Avec sa nouvelle extension, le musée d’art moderne et contemporain britannique veut se propulser, plus que jamais, à la fois au rang d’acteur local et de vitrine pour le monde.
LONDRES - La capitale britannique se décrit souvent comme une « ville-monde », et son nouveau maire, Sadiq Khan, n’a pas manqué de le rappeler lors de la conférence de presse pour l’inauguration de l’extension de la Tate Modern, le 14 juin dernier. La Tate ambitionne, elle, d’être à la fois un « musée-monde » et un musée local. En a-t-elle les moyens ?
Un atout pour Londres
La Tate Modern est indiscutablement un musée-local au sens d’une locomotive pour son environnement proche. D’une certaine façon, elle a provoqué un effet Bilbao à l’échelle du quartier. Grâce au musée, le district, en bordure de la Tamise, ne ressemble plus du tout à ce qu’il était lors de la fermeture de l’usine électrique en 1981, ni même à l’ouverture du musée en 2000. Les immeubles ont poussé comme des champignons tout autour et le quartier est devenu un lieu de promenade. L’extension, signée Herzog & de Meuron – le même duo d’architectes suisses qui avait réhabilité l’usine –, s’intègre parfaitement à la fois au bâtiment existant et à son environnement. Le revêtement en briques qui recouvre la nouvelle tour de dix étages en forme de pyramide, forme une continuité avec celui de l’ancienne usine (avec cependant une trame différente sous forme de treille).

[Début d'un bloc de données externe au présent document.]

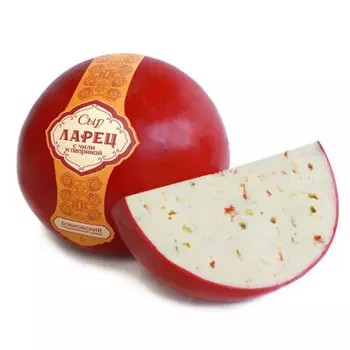 Сыр ларец 50% с чили и паприкой россия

Il y a du monde qui déambule dans ce musée et beaucoup de Londoniens, c’est d’ailleurs une des raisons qui a poussé le directeur général des différentes Tate Nicholas Serota à lancer l’extension quatre ans seulement après l’ouverture. Après un record de visiteurs en 2014 à 5,8 millions d’entrées, la fréquentation a cependant chuté à moins de 5 millions en 2015 derrière le British Museum (6,7 millions) et la National Gallery (6 millions). Il faut dire que l’accès aux collections permanentes est gratuit et qu’il y a beaucoup à voir. De sorte que les visiteurs viennent tant pour la promenade en bord de Tamise que pour admirer les œuvres en accès libre. On peut déjà parier que le dixième étage, qui offre une vue panoramique sur la ville, va constituer une nouvelle attraction.

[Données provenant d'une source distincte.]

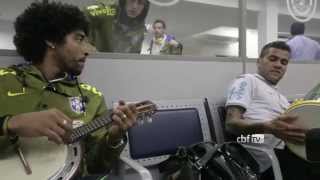 Seleção já está em São Paulo para a estreia na Copa do Mundo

Nicholas Serota et Frances Morris, la directrice de la Tate Modern, veulent que les Londoniens s’approprient le site. Plusieurs étages du nouvel édifice sont consacrés à l’enseignement et au dialogue avec des groupes sociaux. Le musée est aussi truffé de restaurants et de boutiques. Il faut bien compenser la gratuité d’accès par des recettes annexes en complément de la billetterie des expositions temporaires.
Des ambitions internationales
La Tate est-elle aussi un musée-monde ? Tout dépend du point de vue adopté. Les brochures publicitaires de la Tate ressassent qu’il est le musée d’art moderne et contemporain le plus visité au monde. Ce qui est vrai, puisqu’il devance le Centre Pompidou (3 millions) et le MoMA de New York (3,2 millions). Et l’extension de 60 % des surfaces devrait lui permettre d’aller bien au-delà ; les architectes ont aménagé de larges espaces de circulation dans la Switch House (l’extension) bien dotée en larges escaliers et surtout en ascenseurs (pas de moins de huit). La circulation entre les deux édifices séparés par l’immense Turbine hall, qui est maintenant au centre du musée, est assurée à deux niveaux.
Au plan des collections, son ambition est plus contestable. Son fonds d’art moderne est moins riche que celui du Centre Pompidou et du MoMA et il lui sera difficile de combler l’écart en raison des prix atteints sur le marché par les œuvres majeures de cette période. C’est pour cela, que la Tate se détourne des accrochages chronologiques qui trahiraient des manques, au profit d’accrochages thématiques, notamment dans le premier bâtiment (la Boiler House) censé présenter les œuvres de 1900 à 2016, tandis que l’extension (la Switch House) n’expose que des œuvres depuis 1960. Toutes périodes confondues, la Tate revendique 70 000 œuvres contre 100 000 pour notre Musée national d’art moderne.
En revanche le musée entend être un miroir de la création contemporaine internationale et renouveler la lecture habituelle de l’art. Il met ainsi en avant l’étendue des pays représentés (plus de cinquante), une place plus importante accordée aux femmes artistes et la diversité des formes d’art dont les performances qui disposent d’un lieu dédié : les Tanks (anciens réservoirs) dans le sous-sol de l’extension. Mais dans cet exercice de représentation de la création mondiale, il est en compétition avec le MoMA de New York, qui dispose de moyens à la mesure de la capitale économique des États-Unis, qui est aussi la capitale économique du monde. Et les moyens sont le tendon d’Achille de la Tate. Pour preuve, sur les 260 millions d’euros de coûts de construction, les pouvoirs publics n’ont apporté que 58 millions, les mécènes 172 millions, et il manque toujours 30 millions pour payer les fournisseurs.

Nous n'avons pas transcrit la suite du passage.